- _TASK DETAILS_
Would you repeat exactly the part of the listing below that runs from the line containing "Confetti Drop Studs" down to the line containing "матчах - ФОТО", inclusive, and nothing else?

* * *

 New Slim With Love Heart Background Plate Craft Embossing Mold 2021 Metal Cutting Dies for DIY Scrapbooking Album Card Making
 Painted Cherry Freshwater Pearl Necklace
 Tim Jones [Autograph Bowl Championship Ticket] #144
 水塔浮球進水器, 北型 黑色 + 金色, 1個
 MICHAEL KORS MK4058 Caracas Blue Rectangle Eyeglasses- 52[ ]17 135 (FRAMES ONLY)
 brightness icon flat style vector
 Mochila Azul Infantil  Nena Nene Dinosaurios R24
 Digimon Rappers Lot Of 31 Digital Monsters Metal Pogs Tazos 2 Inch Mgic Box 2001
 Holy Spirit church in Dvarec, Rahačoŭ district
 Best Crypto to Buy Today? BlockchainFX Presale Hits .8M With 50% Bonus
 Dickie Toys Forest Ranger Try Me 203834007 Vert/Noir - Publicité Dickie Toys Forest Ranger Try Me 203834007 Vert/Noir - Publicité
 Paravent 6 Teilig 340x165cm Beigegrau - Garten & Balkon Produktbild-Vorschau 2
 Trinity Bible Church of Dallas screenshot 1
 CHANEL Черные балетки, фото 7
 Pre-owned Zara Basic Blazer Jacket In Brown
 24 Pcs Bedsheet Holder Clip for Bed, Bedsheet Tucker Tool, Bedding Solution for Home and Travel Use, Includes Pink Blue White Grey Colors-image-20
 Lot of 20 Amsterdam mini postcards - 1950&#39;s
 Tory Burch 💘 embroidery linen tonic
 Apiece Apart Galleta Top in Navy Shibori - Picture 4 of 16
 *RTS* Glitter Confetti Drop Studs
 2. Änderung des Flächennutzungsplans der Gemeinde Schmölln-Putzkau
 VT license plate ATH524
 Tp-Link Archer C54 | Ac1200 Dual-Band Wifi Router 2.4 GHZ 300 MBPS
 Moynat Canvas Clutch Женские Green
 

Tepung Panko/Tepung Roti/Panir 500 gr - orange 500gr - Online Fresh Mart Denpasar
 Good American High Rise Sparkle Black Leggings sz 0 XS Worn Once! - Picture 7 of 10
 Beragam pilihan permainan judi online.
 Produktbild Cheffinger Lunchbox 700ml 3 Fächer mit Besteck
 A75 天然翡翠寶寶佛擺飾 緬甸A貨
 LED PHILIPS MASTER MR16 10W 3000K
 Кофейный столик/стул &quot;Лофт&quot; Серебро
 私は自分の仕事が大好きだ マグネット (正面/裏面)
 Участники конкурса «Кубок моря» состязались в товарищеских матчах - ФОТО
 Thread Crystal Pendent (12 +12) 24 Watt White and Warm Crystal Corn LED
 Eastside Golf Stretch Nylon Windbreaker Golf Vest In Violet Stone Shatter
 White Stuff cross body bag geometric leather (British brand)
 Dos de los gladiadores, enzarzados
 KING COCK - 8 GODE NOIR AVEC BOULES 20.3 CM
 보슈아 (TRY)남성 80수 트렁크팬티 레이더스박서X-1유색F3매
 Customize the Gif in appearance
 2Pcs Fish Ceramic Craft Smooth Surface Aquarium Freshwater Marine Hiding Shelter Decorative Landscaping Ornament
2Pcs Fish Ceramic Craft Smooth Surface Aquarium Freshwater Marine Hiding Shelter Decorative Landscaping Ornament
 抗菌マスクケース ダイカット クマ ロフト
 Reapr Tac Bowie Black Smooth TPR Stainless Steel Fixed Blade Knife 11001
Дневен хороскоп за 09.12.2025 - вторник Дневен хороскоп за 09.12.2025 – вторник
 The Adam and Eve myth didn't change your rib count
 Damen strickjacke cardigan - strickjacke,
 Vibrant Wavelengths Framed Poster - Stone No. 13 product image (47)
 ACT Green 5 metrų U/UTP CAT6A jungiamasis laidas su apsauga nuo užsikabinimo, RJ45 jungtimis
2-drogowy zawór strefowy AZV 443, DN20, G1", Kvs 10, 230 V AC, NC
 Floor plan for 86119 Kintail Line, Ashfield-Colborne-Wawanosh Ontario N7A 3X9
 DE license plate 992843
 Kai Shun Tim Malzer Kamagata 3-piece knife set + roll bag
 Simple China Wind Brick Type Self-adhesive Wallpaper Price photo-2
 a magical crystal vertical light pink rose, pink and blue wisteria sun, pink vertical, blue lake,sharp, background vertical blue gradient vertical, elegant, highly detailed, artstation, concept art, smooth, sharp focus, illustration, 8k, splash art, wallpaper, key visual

* * *

- _EXPECTED OUTPUT_
 *RTS* Glitter Confetti Drop Studs
 2. Änderung des Flächennutzungsplans der Gemeinde Schmölln-Putzkau
 VT license plate ATH524
 Tp-Link Archer C54 | Ac1200 Dual-Band Wifi Router 2.4 GHZ 300 MBPS
 Moynat Canvas Clutch Женские Green
 

Tepung Panko/Tepung Roti/Panir 500 gr - orange 500gr - Online Fresh Mart Denpasar
 Good American High Rise Sparkle Black Leggings sz 0 XS Worn Once! - Picture 7 of 10
 Beragam pilihan permainan judi online.
 Produktbild Cheffinger Lunchbox 700ml 3 Fächer mit Besteck
 A75 天然翡翠寶寶佛擺飾 緬甸A貨
 LED PHILIPS MASTER MR16 10W 3000K
 Кофейный столик/стул &quot;Лофт&quot; Серебро
 私は自分の仕事が大好きだ マグネット (正面/裏面)
 Участники конкурса «Кубок моря» состязались в товарищеских матчах - ФОТО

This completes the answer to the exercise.